Equipment: two-handed sword, full-plate mail, visored helmet

The Black Prince
English longbow men -- same equipment as my opponent's English longbow men

This is my army, in all its glory and splendor. I look forward to hearing my opponent's arguments. Also, I want to thank my opponent, before things get bloody, for this very fun debate.

Debate Round No. 2


Strikeeagle84015 forfeited this round.


My opponent forfeited his turn and I am not quite sure how to respond to that. In the rules for this debate, we are each supposed to present our arguments in Round 3. Because my opponent has presented no argument, he has given up the opportunity to argue that his army will beat mine. By giving up this opportunity, he has, at least in effect, admitted that there is no argument that supports his claim that his army will beat mine. As such, I see no reason for me to present arguments of my own, in part because the burden of proof is on my opponent first. I wait for the next round to see how my opponent decides to continue this debate.
Debate Round No. 3


I would like to again apologize for my forfeiture of last round, I explained the reason in the comments. However I would like to say that my in this debate there exist no burden of proof and my opponent must show not only that my army could not beat his but that his could beat mine.

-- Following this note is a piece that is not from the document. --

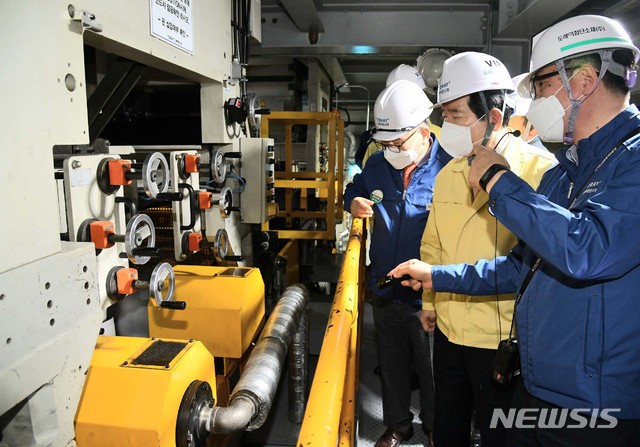 [서울=뉴시스]정세균 국무총리가 지난달 3일 오후 경북 구미시 도레이첨단소재를 방문해 마스크 원자재인 MB필터 생산 현황을 점검하고 있다. (사진=총리실 제공) 2020.03.03.photo@newsis.com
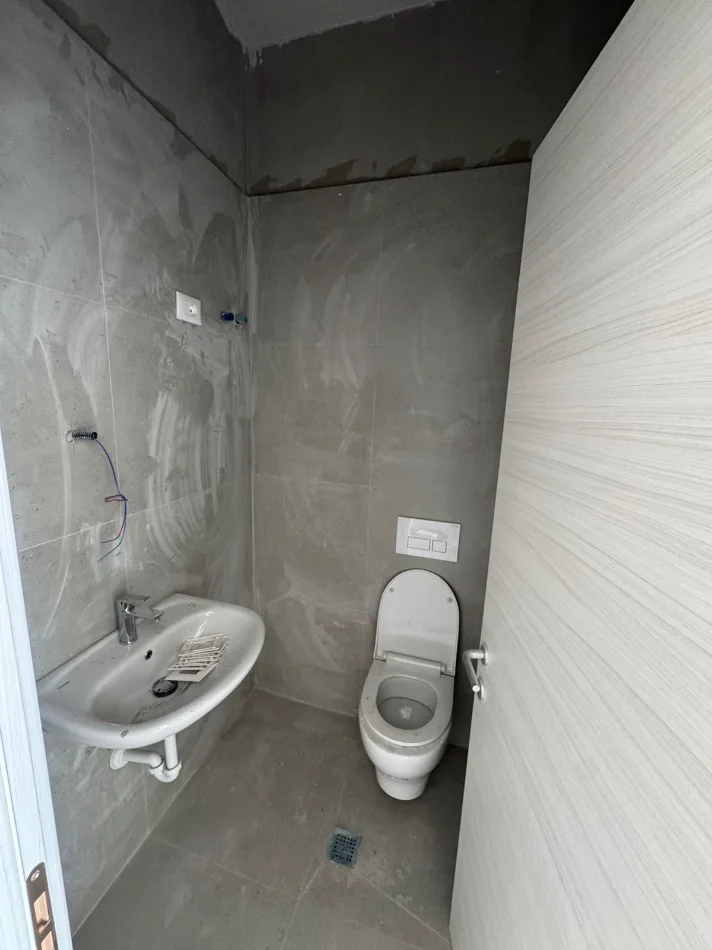Tirane, jepet me qera ambjent biznesi Kati 1, 40 m² 400 € (Astir)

On last point before I begin my arguments
On the issue of number of arrows longbow men were equipped with I rechecked my source and my opponent is correct longbow men only brought 24 war arrows with them to battle although at the height of their fame longbow men would have access to up to 70 arrows but I say we split the difference and equip each archer with 47 arrows however I will let my opponent choose whatever number he would like.
Secondly on the subject of the range of Mongol archers I thought 500 meters was a slightly high number (being a third of a mile) and so did some checking and found that although there have been instances of Mongol archers hitting targets up to 500 m away "this was quite a rare occurrence" and the range was more commonly 290-320 meters (similar to that of the longbow)
With that out of the way let us begin.

First let us begin by comparing commanders
Genghis Kahn vs Alexander the Great
I would be one of the first people to agree that Genghis Kahn was a brilliant strategtician and an excellent leader. I mean he pioneered the art of spying, espionage and assassination. There are very few people in history that have demonstrated a comparable level of strategical sense, however he was not the world's greatest tactician. I will say yes he was quite skilled as a tactician but he was not great. In fact he often times he used the same tactics over and over again and they were quite effective against commanders who had never seen them, but they usually centered around cavalry and horse archers, neither of which are present in this debate. Now just for clarification for those who are not as well versed in the art of war. Strategy is everything up to the point where the armies start marching towards each other, things such as army placement, intelligence, equipment, etc. Tactics is the actual command on the battlefield and the movement of troops, it is where commanders try and make good the advantages given to them by superior strategy, but the two things are separate nonetheless and Alexander the Great demonstrated a better understanding of tactics then did Genghis Kahn. In addition Alexander had more experience commanding infantry than did Genghis
Examples are plentiful of Alexander's incomparable grasp of tactics.
Battle of Gaugamela
Where a force of only 50,000 Macedonian troops overcame and destroyed a force of anywhere from 200,000 to 1 million Persian troops that had innumerable advantages.
Battle of Issus
In this great battle Alexander overcame a superior force of 100,000- 600,000 men with only 40,000 only 22,000 of those being a force that could fight on the front lines.
There are other plentiful examples of Alexander's impeccable grasp of tactics

My army has quite and advantage here as my opponent has seen fit to equip his army with every weapon he possibly good as seen in his Samurai's where he has given them a long sword, a short sword, a sharp dagger, a six foot tall bow with arrows, and full armor. This would be quite heavy and burdensome to carry all of these I contend. For further illustration let's classify where each of the units fall in this battle
Very Heavy Infantry
Teutonic Knights
Samurai's (because of the large amount of equipment)
Heavy Infantry
Spartan Hoplites
Roman Legionaries
Medium Infantry
Mongol Warriors
Assyrian Infantry
Light Infantry
Celtic Warriors

As can be seen my opponent has only one unit that can move about with any kind of mobility whereas the rest of his army his slow and heavily weighed down whereas my army has much freedom and ability of movement. I contend my army would be able to run circles around his army. Now this combined with a superior commander would heavily stack the odds in my favor.

Melee Soldiers
Now my opponent has been fairly amorphous about exactly how he intends to employ his troops as most of his army seems to be able to use both bows and melee weapons, however I will do my best.
So dealing with his Mongol Warriors. The Mongol infantry are almost nonexistent and in the few places where they are encountered they are often used as little more than fodder and were incredibly under powered in terms of melee and I contend that any infantry unit in my army could easily destroy my opponents Mongol Warriors

Teutonic Knights these soldiers are simply to slow and heavy to effectively compete with my any member of my army. The Celts would run circles around them until they resembled more hamburger than man. The Spartans far outreach the Teuton's with their spears and are more skilled in the art of the sword. The Assyrians are the only people who it would be any contest with due mostly to the slightly superior reach of the Teutonic sword.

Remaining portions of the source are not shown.